● Activity:
Show every line of the data that includes the word "view".

[Items listed in a dataset]
= = = = =

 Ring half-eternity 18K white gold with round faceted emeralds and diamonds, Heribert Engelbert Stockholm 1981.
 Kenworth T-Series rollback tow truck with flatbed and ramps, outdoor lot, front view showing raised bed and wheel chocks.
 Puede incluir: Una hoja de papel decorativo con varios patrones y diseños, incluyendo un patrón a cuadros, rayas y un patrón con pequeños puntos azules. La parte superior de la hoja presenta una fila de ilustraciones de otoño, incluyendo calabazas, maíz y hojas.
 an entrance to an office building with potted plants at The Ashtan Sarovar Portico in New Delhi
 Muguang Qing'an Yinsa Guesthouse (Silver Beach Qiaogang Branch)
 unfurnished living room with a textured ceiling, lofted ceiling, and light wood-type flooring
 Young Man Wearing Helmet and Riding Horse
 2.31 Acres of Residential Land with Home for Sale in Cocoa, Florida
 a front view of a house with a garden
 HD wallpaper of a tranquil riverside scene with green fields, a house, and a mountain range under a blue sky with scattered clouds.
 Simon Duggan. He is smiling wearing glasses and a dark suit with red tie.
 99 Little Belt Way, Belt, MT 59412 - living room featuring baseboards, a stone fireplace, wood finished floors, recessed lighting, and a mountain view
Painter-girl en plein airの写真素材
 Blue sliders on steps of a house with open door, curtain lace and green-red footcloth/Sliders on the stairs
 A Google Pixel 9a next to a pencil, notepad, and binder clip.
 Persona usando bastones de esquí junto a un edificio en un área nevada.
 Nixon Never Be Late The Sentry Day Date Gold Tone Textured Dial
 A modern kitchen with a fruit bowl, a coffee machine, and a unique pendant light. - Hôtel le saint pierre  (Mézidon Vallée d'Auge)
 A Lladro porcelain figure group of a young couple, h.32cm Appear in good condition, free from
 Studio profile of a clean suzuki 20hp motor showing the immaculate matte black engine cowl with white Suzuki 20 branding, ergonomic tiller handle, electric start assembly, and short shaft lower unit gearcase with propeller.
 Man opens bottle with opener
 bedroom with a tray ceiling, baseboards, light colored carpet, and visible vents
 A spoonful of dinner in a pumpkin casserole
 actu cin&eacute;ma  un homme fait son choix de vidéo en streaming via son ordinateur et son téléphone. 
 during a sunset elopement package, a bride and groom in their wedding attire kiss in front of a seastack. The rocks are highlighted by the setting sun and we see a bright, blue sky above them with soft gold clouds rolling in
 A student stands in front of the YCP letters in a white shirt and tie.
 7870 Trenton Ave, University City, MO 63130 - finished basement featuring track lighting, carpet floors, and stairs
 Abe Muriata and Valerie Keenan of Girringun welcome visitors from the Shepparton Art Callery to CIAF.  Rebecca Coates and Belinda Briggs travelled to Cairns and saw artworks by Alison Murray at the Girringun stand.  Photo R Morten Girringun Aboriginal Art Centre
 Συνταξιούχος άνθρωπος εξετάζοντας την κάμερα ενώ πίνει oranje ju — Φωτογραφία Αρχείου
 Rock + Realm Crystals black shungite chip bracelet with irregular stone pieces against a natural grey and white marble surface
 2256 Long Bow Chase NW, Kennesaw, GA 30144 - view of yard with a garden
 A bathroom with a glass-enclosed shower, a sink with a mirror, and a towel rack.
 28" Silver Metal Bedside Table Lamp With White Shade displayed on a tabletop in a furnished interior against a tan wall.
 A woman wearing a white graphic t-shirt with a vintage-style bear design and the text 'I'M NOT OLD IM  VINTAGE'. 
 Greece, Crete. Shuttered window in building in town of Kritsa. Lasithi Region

= = = = =

● Completed task:
 Kenworth T-Series rollback tow truck with flatbed and ramps, outdoor lot, front view showing raised bed and wheel chocks.
 a front view of a house with a garden
 99 Little Belt Way, Belt, MT 59412 - living room featuring baseboards, a stone fireplace, wood finished floors, recessed lighting, and a mountain view
 2256 Long Bow Chase NW, Kennesaw, GA 30144 - view of yard with a garden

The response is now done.